La rottura della fune trainante della funivia del Mottarone, per cause ancora da accertare, ha fatto sì che la cabina numero 3 in prossimità della stazione finale di Mottarone, “invece di arrestarsi sospesa alla fune portante come avrebbe dovuto fare, se fossero stati rimossi i forchettoni rossi cosiddetti blocca freni, iniziava a scivolare all’indietro, scendendo a folle velocità verso valle, in direzione Stresa, località Alpini e, dopo aver raggiunto il pilone numero 3 della tratta Alpino-Mottarone, si sganciava dalla fune portante, schiacciandosi a terra e rotolando a valle sul pendio fortemente scosceso, fino a quando impattava contro un albero”.
Un incidente che ha comportato la “morte immediata sul posto per politraumatismo contusivo-fratturativo con emorragia” di 13 turisti a bordo, il piccolo Mattia di 6 anni è morto alle 19.15 di domenica 23 maggio all’ospedale Regina Margherita di Torino dove è ricoverato l’unico sopravvissuto della tragedia.

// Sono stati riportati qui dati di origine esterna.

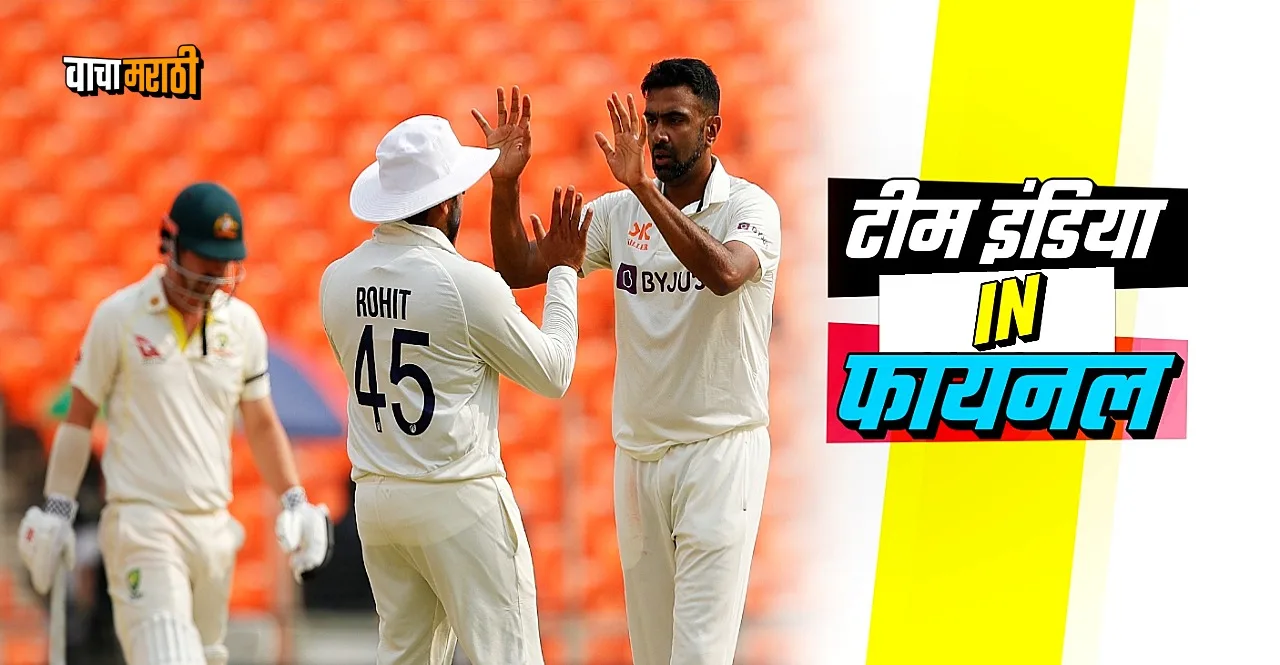 Team India in world test championship 2023 final know details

E uno dei passaggi del decreto di fermo emesso nei confronti di tre indagati dalla procura di Verbania.
E ancora: la “condotta sconsiderata” di Luigi Nerini gestore della funivia del Mottarone, Gabriele Tadini caposervizio responsabile dell’impianto ed Enrico Pericchio ingegnere e consulente esterno tutti in stato di fermo in carcere a Verbania, “ha determinato” la morte di 14 persone e lesioni gravissime di un bambino di 5 anni che “comporteranno in caso di accertato riconoscimento della relativa responsabilità penale l’irrogazione di una elevatissima sanzione detentiva”.

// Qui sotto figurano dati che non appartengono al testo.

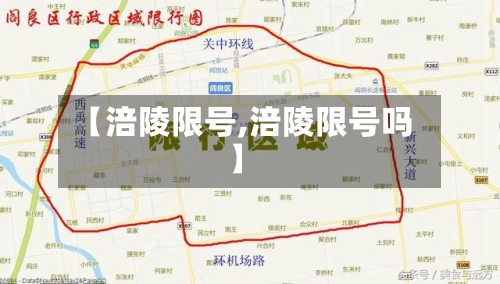 【涪陵限号,涪陵限号吗】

Il provvedimento di fermo si basa sul pericolo di fuga, possibilità che la procura ritiene possibile “in considerazione dell’eccezionale clamore anche internazionale per la sua intrinseca drammaticità, che diverrà sicuramente ancora più accentuato al disvelarsi delle cause del disastro”. Per gli inquirenti, dunque, la decisione di far aprire le porte del carcere si rende necessario perché “sussiste il pericolo concreto e prevedibilmente prossimo della volontà degli indagati di sottrarsi elle conseguenze processuali e giudiziarie delle condotte contestate”, si spiega nel fermo di indiziato di delitto.
“Tadini bloccava freni con avallo Perocchi e Nerini”
Gabriele Tadini “ha ammesso di aver deliberatamente e ripetutamente inserito i dispositivi blocca freni (forchettoni) durante il normale servizio di trasporto passeggeri, in tal modo disattivando il sistema frenante di emergenza destinato a entrare in funzione ed arrestare la corsa della cabina della funivia in caso di pericolo ed in particolare di improvvisa rottura della fune trainante”, si legge ancora uno dei passaggi del decreto di fermo.
Una scelta che ha come fine quello di “ovviare ai problemi da tempo manifestatisi al regolare funzionamento del sistema frenante; condotta di cui erano stati ripetutamente informati tanto il Perocchi quanto il Nerini, che avvallavano tale scelta e non si attivavano per consentire i necessari interventi di manutenzione che avrebbero richiesto il temporaneo fermo dell’impianto, con conseguenti ripercussioni di carattere economico”. Luigi Nerini l’amministratore unico delle Ferrovie del Mottarone che gestisce l’impianto della funivia, Gabriele Tadini caposervizio responsabile dell’impianto ed Enrico Pericchio ingegnere e consulente esterno sono in stato di fermo con l’accusa di omicidio colposo plurimo, lesioni gravissime e omissioni di cautele.
Leitner si costituirà parte civile
Leitner si costituirà parte civile nel procedimento giudiziario sulla tragedia accaduta domenica sulla funivia Stresa-Mottarone e gli eventuali risarcimenti saranno devoluti alle famiglie delle vittime. Lo annuncia una nota dell’azienda.
“La manomissione degli impianti di sicurezza che ha portato alla tragica morte di 14 persone – commenta Anton Seeber, presidente di Leitner – è un atto gravissimo. L’utilizzo dei cosiddetti forchettoni è espressamente vietato con persone a bordo. Da oltre 75 anni impianti a fune prodotti dalla nostra società – continua Seeber – trasportano ogni giorno milioni di persone in tutto il mondo: la sicurezza è sempre stata al primo posto in ogni nostra attività, una prassi che ha consolidato il trasporto a fune come tra i mezzi di trasporto più sicuri”.
“Per tutelare l’immagine dell’azienda, dei suoi collaboratori e di tutto il settore abbiamo perciò deciso che ci costituiremo parte civile nel procedimento contro i responsabili che verranno individuati dalla magistratura. Eventuali risarcimenti verranno devoluti alle famiglie delle vittime di questa tragedia”, aggiunge Seeber.